_Your objective_. Working from the records below, repeat exactly the lines starting at the line that contains "Dolce&Gabbana Medium My" and ending at the line that contains "Harley Softail Dyna", inclusive.

_Material for the task_.
● ● ● ● ●

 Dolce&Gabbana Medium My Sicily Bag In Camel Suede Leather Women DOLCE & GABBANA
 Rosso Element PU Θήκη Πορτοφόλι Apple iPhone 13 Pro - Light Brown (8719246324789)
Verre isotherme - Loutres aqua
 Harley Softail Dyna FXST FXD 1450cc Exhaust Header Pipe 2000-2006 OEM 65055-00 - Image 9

● ● ● ● ●

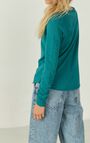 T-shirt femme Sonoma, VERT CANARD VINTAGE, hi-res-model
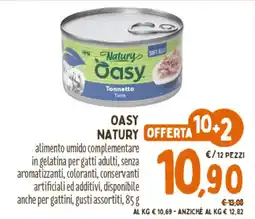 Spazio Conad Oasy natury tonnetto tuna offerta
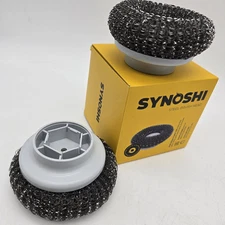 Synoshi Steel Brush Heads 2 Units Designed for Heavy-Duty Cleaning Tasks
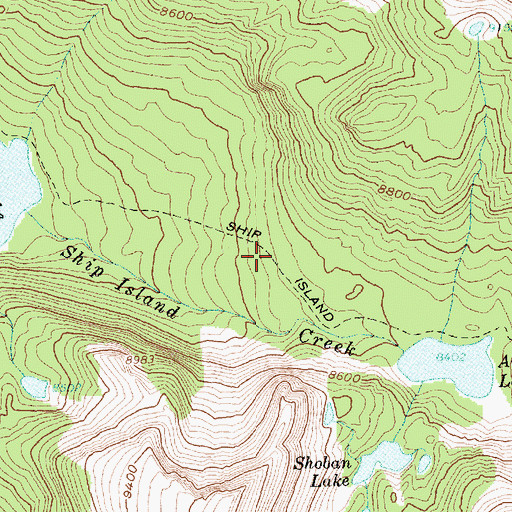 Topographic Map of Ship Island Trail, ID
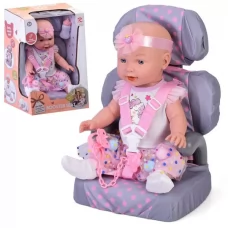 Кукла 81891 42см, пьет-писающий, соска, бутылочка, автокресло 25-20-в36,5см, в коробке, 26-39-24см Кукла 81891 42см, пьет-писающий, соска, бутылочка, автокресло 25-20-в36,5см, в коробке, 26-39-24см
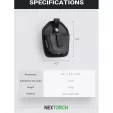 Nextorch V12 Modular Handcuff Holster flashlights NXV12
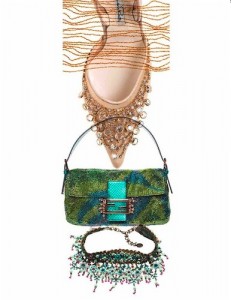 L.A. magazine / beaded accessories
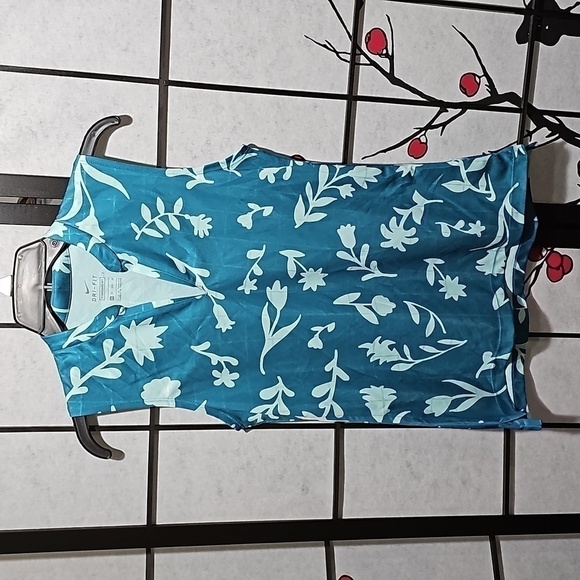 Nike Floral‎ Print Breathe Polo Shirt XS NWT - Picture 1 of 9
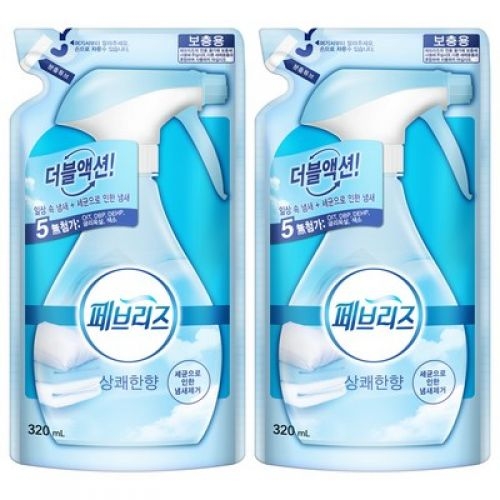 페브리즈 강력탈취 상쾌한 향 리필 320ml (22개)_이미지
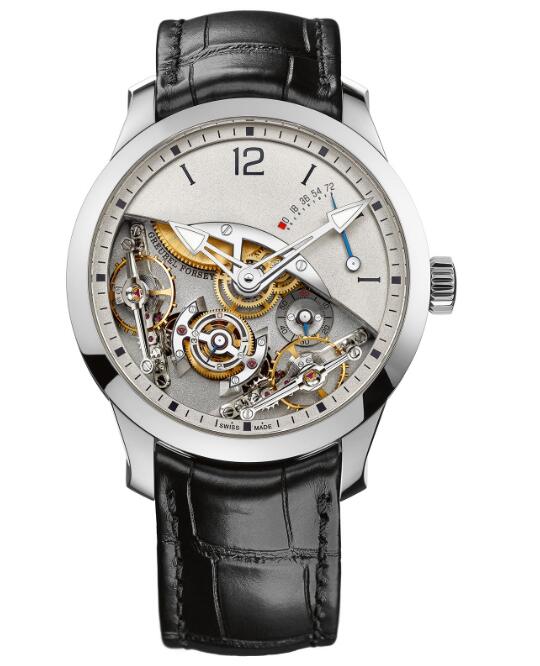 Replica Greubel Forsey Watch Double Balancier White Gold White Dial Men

● ● ● ● ●

_Solution to the exercise_.
 Dolce&Gabbana Medium My Sicily Bag In Camel Suede Leather Women DOLCE & GABBANA
 Rosso Element PU Θήκη Πορτοφόλι Apple iPhone 13 Pro - Light Brown (8719246324789)
Verre isotherme - Loutres aqua
 Harley Softail Dyna FXST FXD 1450cc Exhaust Header Pipe 2000-2006 OEM 65055-00 - Image 9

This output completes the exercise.